- _Aim of the task_
Print the listing below again, exactly. Skip the pictures.
[Given information Boundary: Start]
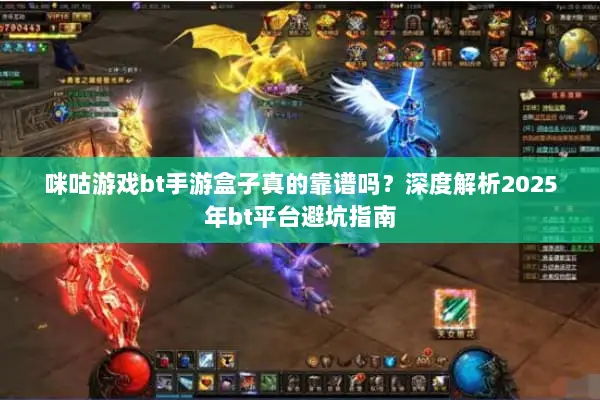 咪咕游戏bt手游盒子真的靠谱吗?深度解析2025年bt平台避坑指南 咪咕游戏bt手游盒子真的靠谱吗?深度解析2025年bt平台避坑指南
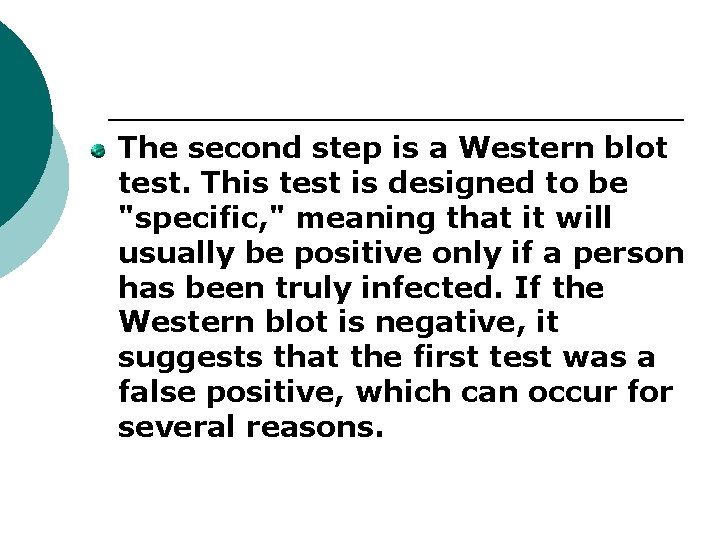 The second step is a Western blot test. This test is designed to be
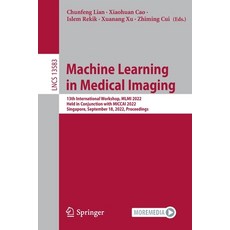 (영문도서) Machine Learning in Medical Imaging: 13th International Workshop MLMI 2022 Held in Conjunct... Paperback, Springer, English, 9783031210136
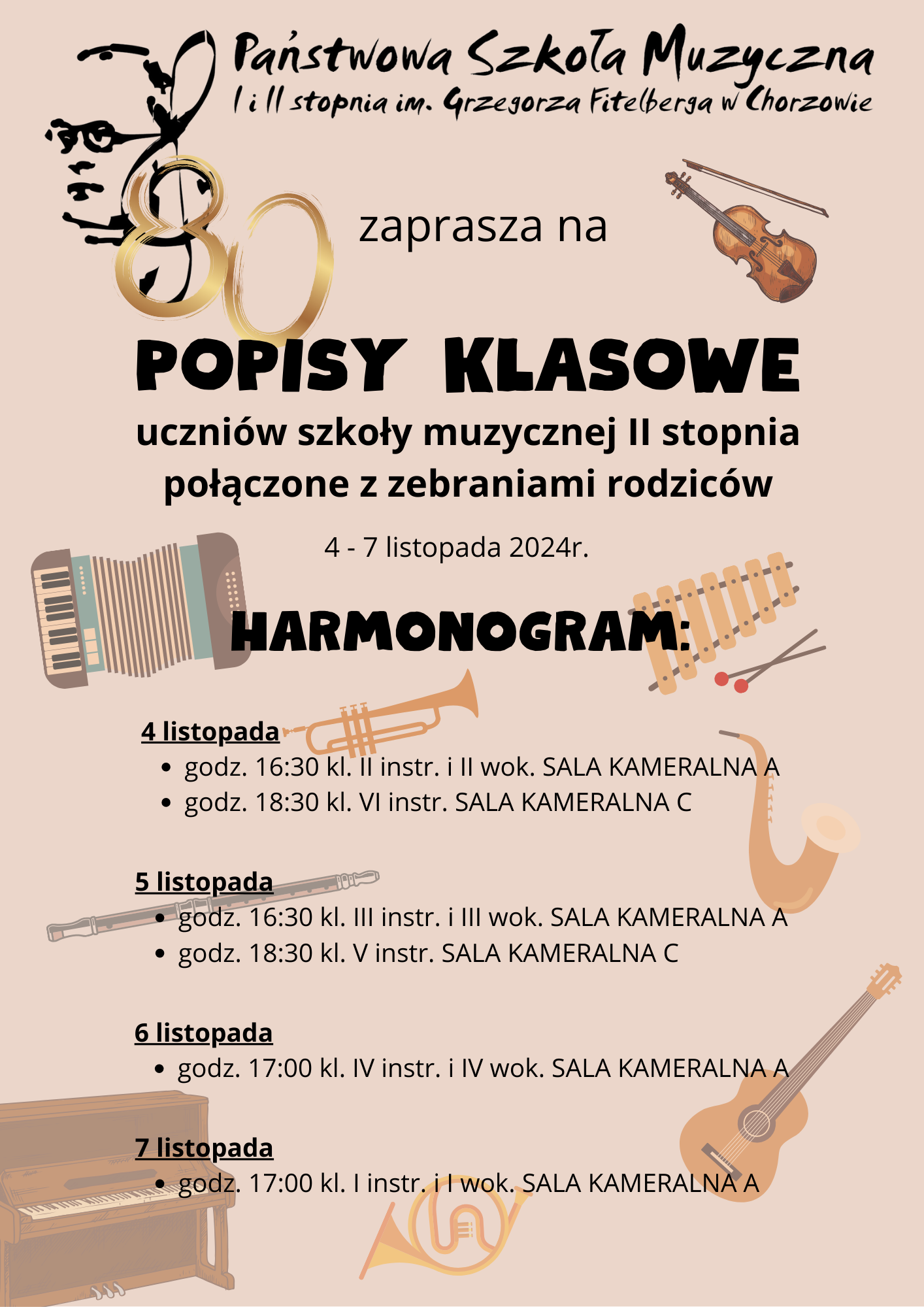 Państwowa Szkoła Muzyczna lill stopnia im. Grzegorza Fitelberga w Chorzowie zaprasza na POPISY KLASOWE uczniów szkoły muzycznej II stopnia połączone z zebraniami rodziców 4-7 listopada 2024r. HARMONOGRAM: 4 listopada • godz. 16:30 kl. II instr. i Il wok. SALA KAMERALNA A • godz. 18:30 kl. VI instr. SALA KAMERALNA C 5 listopada godz. 16:30 kl. III instr. i III wok. SALA KAMERALNA A • godz. 18:30 kl. V instr. SALA KAMERALNA С 6 listopada • godz. 17:00 kl. IV instr. i IV wok. SALA KAMERALNA A 7 listopada godz. 17:00 kl. I instr. i I wok. SALA KAMERALNA A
[Given information Boundary: End]
- _Solution to this task_
 咪咕游戏bt手游盒子真的靠谱吗?深度解析2025年bt平台避坑指南 咪咕游戏bt手游盒子真的靠谱吗?深度解析2025年bt平台避坑指南
 The second step is a Western blot test. This test is designed to be
 (영문도서) Machine Learning in Medical Imaging: 13th International Workshop MLMI 2022 Held in Conjunct... Paperback, Springer, English, 9783031210136
 Państwowa Szkoła Muzyczna lill stopnia im. Grzegorza Fitelberga w Chorzowie zaprasza na POPISY KLASOWE uczniów szkoły muzycznej II stopnia połączone z zebraniami rodziców 4-7 listopada 2024r. HARMONOGRAM: 4 listopada • godz. 16:30 kl. II instr. i Il wok. SALA KAMERALNA A • godz. 18:30 kl. VI instr. SALA KAMERALNA C 5 listopada godz. 16:30 kl. III instr. i III wok. SALA KAMERALNA A • godz. 18:30 kl. V instr. SALA KAMERALNA С 6 listopada • godz. 17:00 kl. IV instr. i IV wok. SALA KAMERALNA A 7 listopada godz. 17:00 kl. I instr. i I wok. SALA KAMERALNA A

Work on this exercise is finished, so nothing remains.